Ольшаник стоял мокрый и чёрный; капало и с него, и с накатов вдоль всего хода сообщения. Идти пришлось в шинели внакидку и в сапогах, набравших воды на второй сотне шагов.
Дёгтев ждал меня у поворота, потому что я послал сказать.
Мы дошли до того места, где у него в январе были выложены две доски крест-накрест.
Между досками стояла вода.
Она стояла ровно и гладко, и обе доски были под ней, и в ней отражалось небо, серое и низкое, а по краю у неё намерзала за ночь и стаивала к полудню та же бумажная корка, что и на ручье, и по этой кайме было видно, докуда вода поднималась ночью и куда она села к полудню.
— Рано, — сказал Дёгтев.
— На сколько?
— На месяц. Я осенью мерил, по наносу. А нынешний год теплее.
Он присел и опустил в воду палку, и вынул, и показал мне мокрое на палке: вершков шесть.
— К марту будет по колено. Ходы поплывут, и стрелковые поплывут, и ежели кто пойдёт этой низиной, тот пойдёт по воде.

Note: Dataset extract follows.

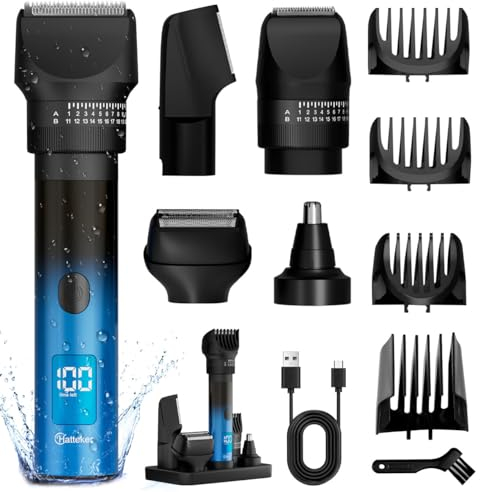 Hatteker Herren Haarschneidemaschine Profi Haarschneider Bartschneider Barttrimmer Rasierer Nasenhaartrimmer Körperhaartrimmer Wasserdicht 5 in 1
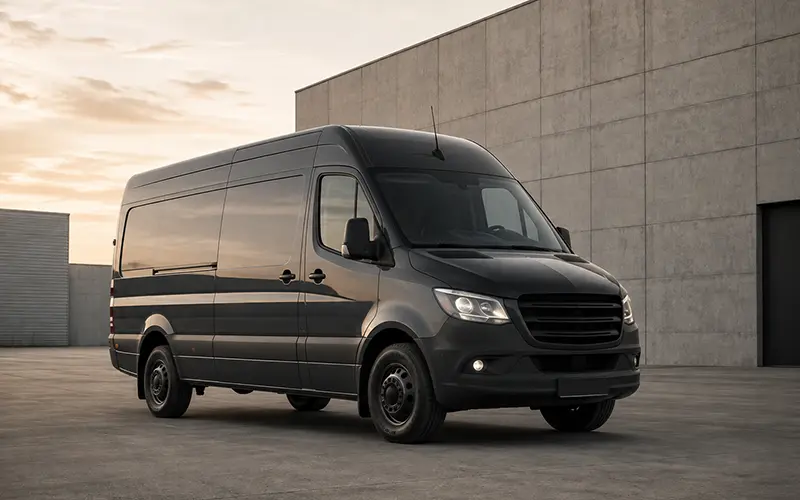 Black sprinter van outside a commercial warehouse at sunset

Я записал шесть вершков и число.
Пакет я собрал накануне и нёс с собой: назавтра его надо было сдать в полк для отправки.
Сверху лежали три листа, которые я всё ещё правил.
Схема снабженческой цепочки. Карта ноябрьского боя, где немец шёл низиной по своему газу. И черновой лист про учебную атаку, на котором пока стояло немного, и первым пунктом на нём было написано слово в слово то, что сказал мне у землянки Кушелев: не писать, что это работает; писать, при чём работает и при чём нет.
Я вынул черновой лист, дописал под первым пунктом про воду и про шесть вершков и убрал обратно.
— Терентий Иваныч. Я тебя вот о чём хотел спросить. Ты тут стои́шь с ноября. Ежели идти отсюда туда — где у него проход?
Дёгтев не ответил сразу.
Он смотрел на воду, потом на тот берег, потом на проволоку, которая шла по гребню в трёх рядах и с этого места была видна вся.
— Проход у него один, — сказал он. — Правее ольхи, где у них ход к секрету. Они там ходят каждую ночь, и снег там не ложится.
— Ты это видел?
— Я это считал.
Он расстегнул шинель и достал из-за пазухи табличку — ту, в которой у него ставятся галки.
Против низины галок не стояло. Там в два столбца шли числа, и числа эти были шаги: от нашего бруствера до горловины и от горловины до проволоки.
— С ноября, — сказал Дёгтев. — Как встали, так и считаю.
Он глядел мне в переносицу.
— Спишите себе. Только верните к воде. Мне по ней мерить.
Вода стояла между досками со вчерашнего дня.